Damion Dayski With Valerica Steele -

Dayski, through his modulator, added three seconds of silence. Then: “She makes the noise mean something. I only make it breathe.” The Dayski-Steele collaboration is not for everyone. It is not for radio, or commercials, or even most headphones. It is for the small hours, the liminal spaces, the moments when your phone dies and you remember that the world still has texture.

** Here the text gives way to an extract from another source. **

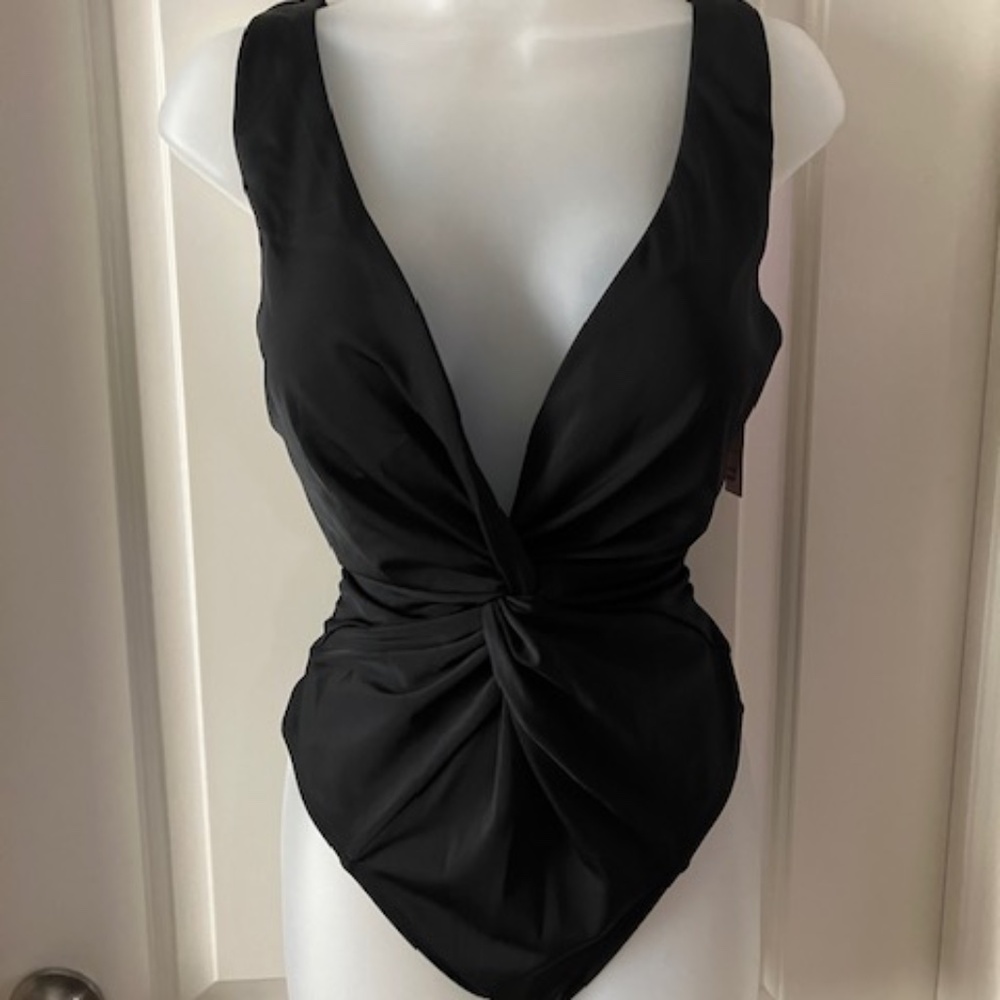 Victoria’s Secret One Piece Bathing Suit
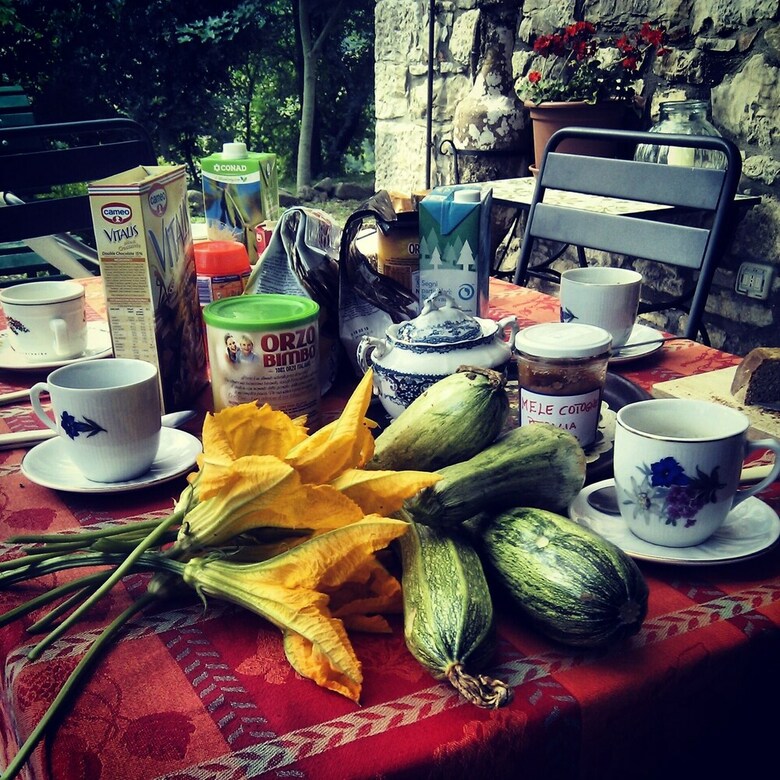 Agroturismo Agriturismo Casa Greppo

Steele’s voice on the track is processed but not hidden. Dayski lets her sit inside the distortion—her syllables triggering granular synth events. When she whispers “efficiency is a cult” , the kick drum stutters like a panicked heart. When she shouts “BURN THE DASHBOARD” , the entire mix opens into a field of crystalline feedback that feels less like music and more like weather. damion dayski with valerica steele

(29, Bucharest/Berlin) is the opposite: all presence, no filter. A former aide to a Romanian MEP, she abandoned Brussels after a leaked recording caught her calling parliamentary procedure “the slowest form of suffocation.” She now performs spoken word over industrial breakbeats. Her piece “On the Violence of Clean Desks” went viral after she delivered it while shaving her head on stage at CTM Festival. Steele’s voice is a weapon: low, grained, capable of shifting from a librarian’s whisper to a war chief’s bark in a single line. The Collision The project, tentatively titled “We Have Always Been the Glitch,” began as a dare. A mutual acquaintance—an AI ethicist with a gambling problem—claimed Dayski’s soundscapes were “too cold” and Steele’s words were “too hot.” He bet them they couldn’t fuse the two without one consuming the other. Dayski, through his modulator, added three seconds of

But if you ever hear a low rumble in a city you love, and a voice that sounds like it’s been waiting a thousand years to speak—run toward it. That’s the Fractal Alchemist and the Silk Tongue. And they are just getting started. It is not for radio, or commercials, or even most headphones

They met for the first time in a repurposed water tower outside Malmö at 3:00 AM. No managers. No engineers. Just Dayski’s modular rig (nicknamed “The Basilisk”) and a single Shure SM7B microphone.

One critic who heard a private playback described it as: “Listening to two people build a fire using only their own bones as kindling.” Despite the intensity, witnesses say their off-tape dynamic is surprisingly… functional. Dayski makes pour-over coffee for Steele before each session. Steele translates Dayski’s technical notes (which he writes in a cipher of circuit diagrams and emojis) into plain English for the producer.

They do not touch. They do not hug. They do not even sit on the same couch.